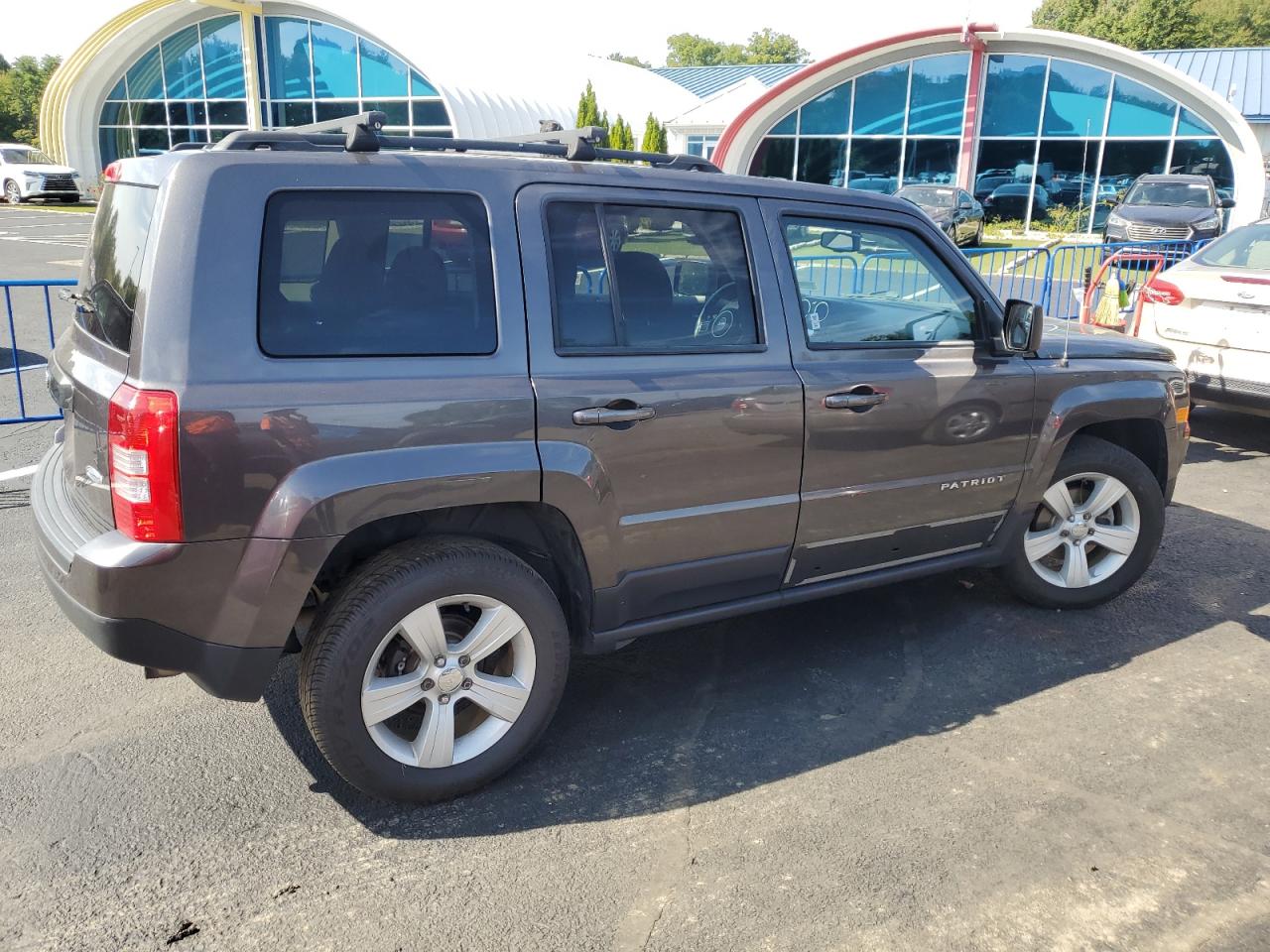 Lot #3045718307 2017 JEEP PATRIOT LA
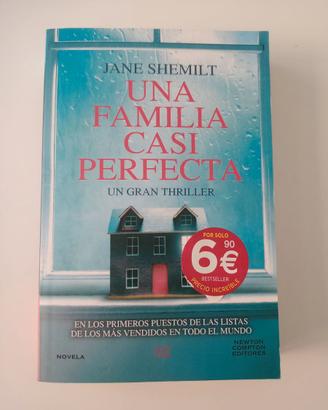 LIBRO SPAGNOLO-UNA FAMILIA CASI PERFECTA-SHEMILT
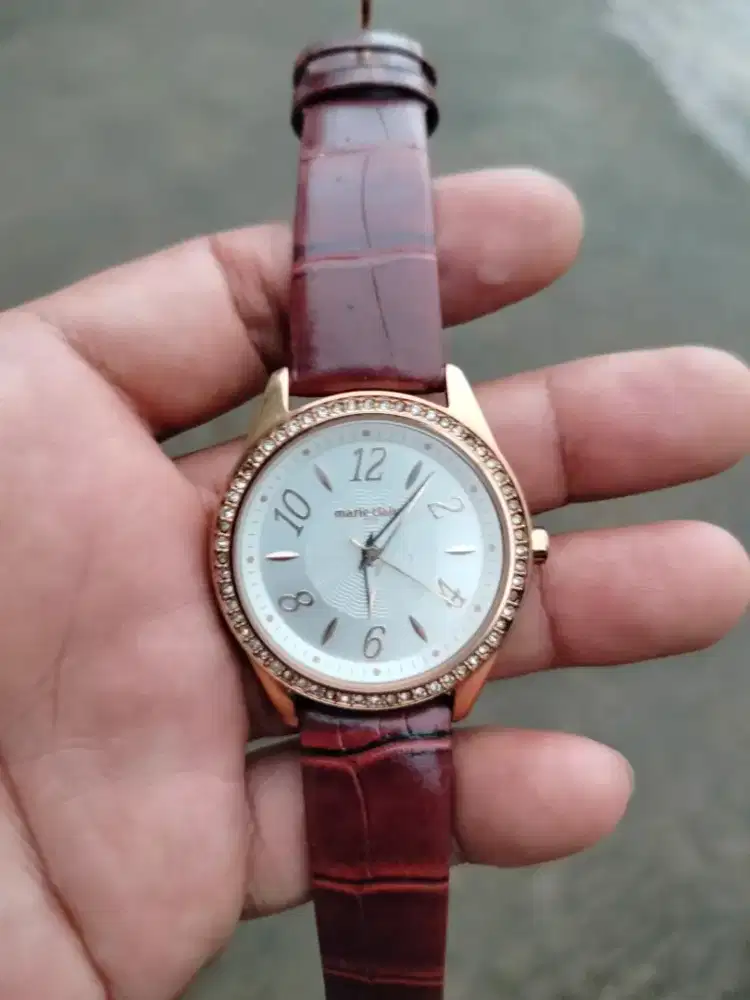 Jam tangan wanita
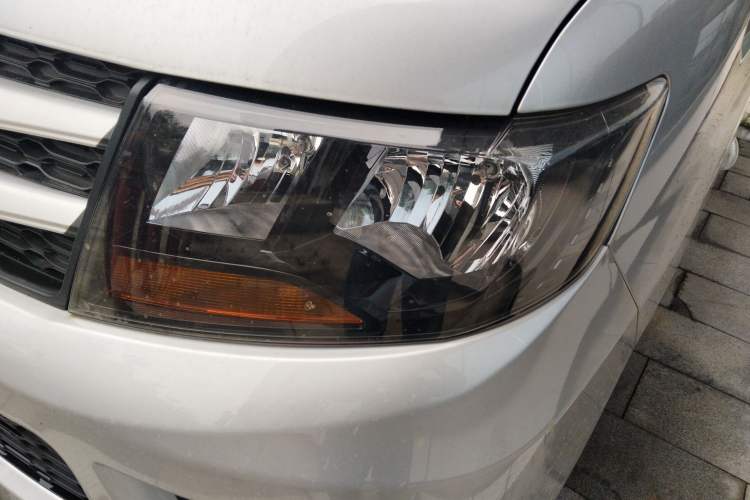 Used JAC Refine M3 2019 Creator Edition 1.8L Luxury Model Left Front Headlight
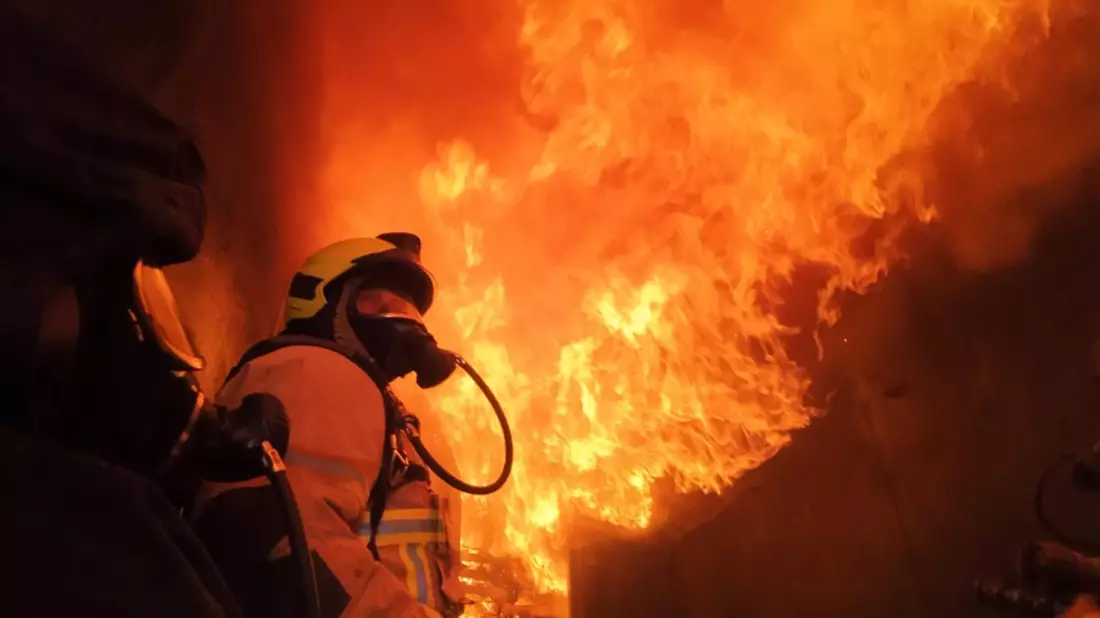 FW-EN: Feuerwehr Herdecke trainiert realistische Brandeinsätze in einem Übungscontainer - Hygienekonzept wird beübt - Bild: presseportal.de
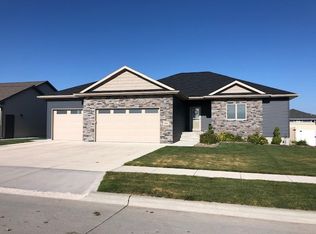 810 16th Ave, Kearney, NE 68845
---
-- What needs to be done --
Your answer must be an exact transcription of the records above, minus the pictures.

-- Exercise answer --
 Lot #3045718307 2017 JEEP PATRIOT LA
 LIBRO SPAGNOLO-UNA FAMILIA CASI PERFECTA-SHEMILT
 Jam tangan wanita
 Used JAC Refine M3 2019 Creator Edition 1.8L Luxury Model Left Front Headlight
 FW-EN: Feuerwehr Herdecke trainiert realistische Brandeinsätze in einem Übungscontainer - Hygienekonzept wird beübt - Bild: presseportal.de
 810 16th Ave, Kearney, NE 68845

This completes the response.